If you’ve never developed a long-term sustainable work practice—if your only method of motivating yourself to write is to be in a white-hot panic about your situation (and it appears that the only other method is to be an asshole narcissist) then the decision to remain a permanent associate professor seems not only sensible, but compassionate to the people in your life.
The problem isn’t that associate professors are insufficiently panicked—the problem is that far too many people promote a writing process dependent on panic and valorize a toxic narrative about success.
Once you get tenure, you get committee assignments. It looks different from the challenges of being assistant, but it really isn’t—you still have to figure out what scholarly projects to pursue, what committee assignments to take, what new classes to develop. The difference is one I have a hard time describing. Despite academics’ reputations for being lefty, far too many academics (including several department chairs I’ve known) have thoroughly embraced the neoliberal narrative of what it means to be a good worker—you throw yourself on the pyre of your own career to meet the standards of “good work” of your institution. You live and breathe in a world of panic, 60-hour work weeks, and self-congratulation for having no boundaries about work.
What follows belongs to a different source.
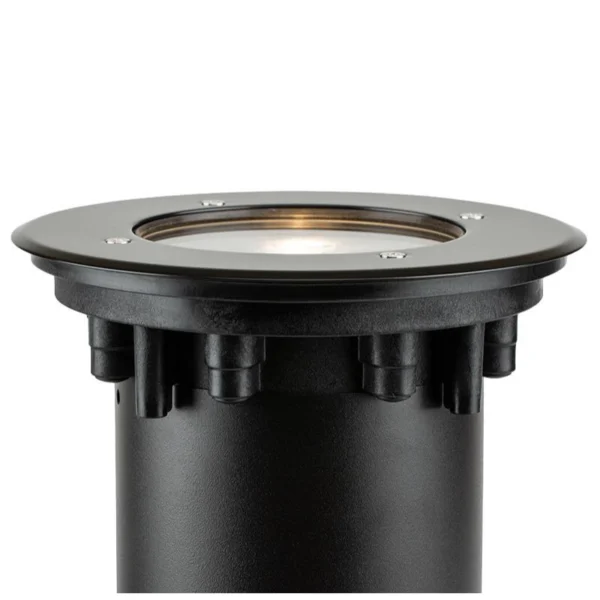 FX Luminaire XN-70 18W ZD 2700K Black Grande In-Grade Well Light (XN-70-ZD-H1-W-FL-RG-FB)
There is another option. It’s about creating a sustainable relationship to work.
And the first step in that creation of a sustainable relationship to work is stepping away from a writing process that relies on panic. A responsible graduate program would ensure that first step happens in graduate school, but we aren’t in that world (although there are many graduate advisors who are trying to do exactly that).
The best way to respond to imposter syndrome is to stop approaching every step in the writing and publication process as the moment we might be exposed to the world, but to be comfortable with writing shitty stuff, submitting things that someone might slam, and to know that we will never reach a point in our career when we are not being told that what we wrote is shitty by someone. And they may be right. So?
That response involves a lot of possible moves— most of them involve abandoning thinking about each publication process as risking everything, and they mean working because you want the outcomes the work will get, you’re interested in the crafting of the work, you want others to know about these insights you have. It also involves breaking the writing process into at least three different kinds of work that don’t happen all at once—creating, critiquing, revising. It involves walking away from perfectionism. It involves rejecting (and getting help rejecting) toxic narratives about how much we should be working; it involves finding allies and mentors. It doesn’t necessitate giving up on scholarship, although that might be a viable and joyful choice (some people decide they really love administration, for instance), and it certainly doesn’t necessitate living life in a state of panic.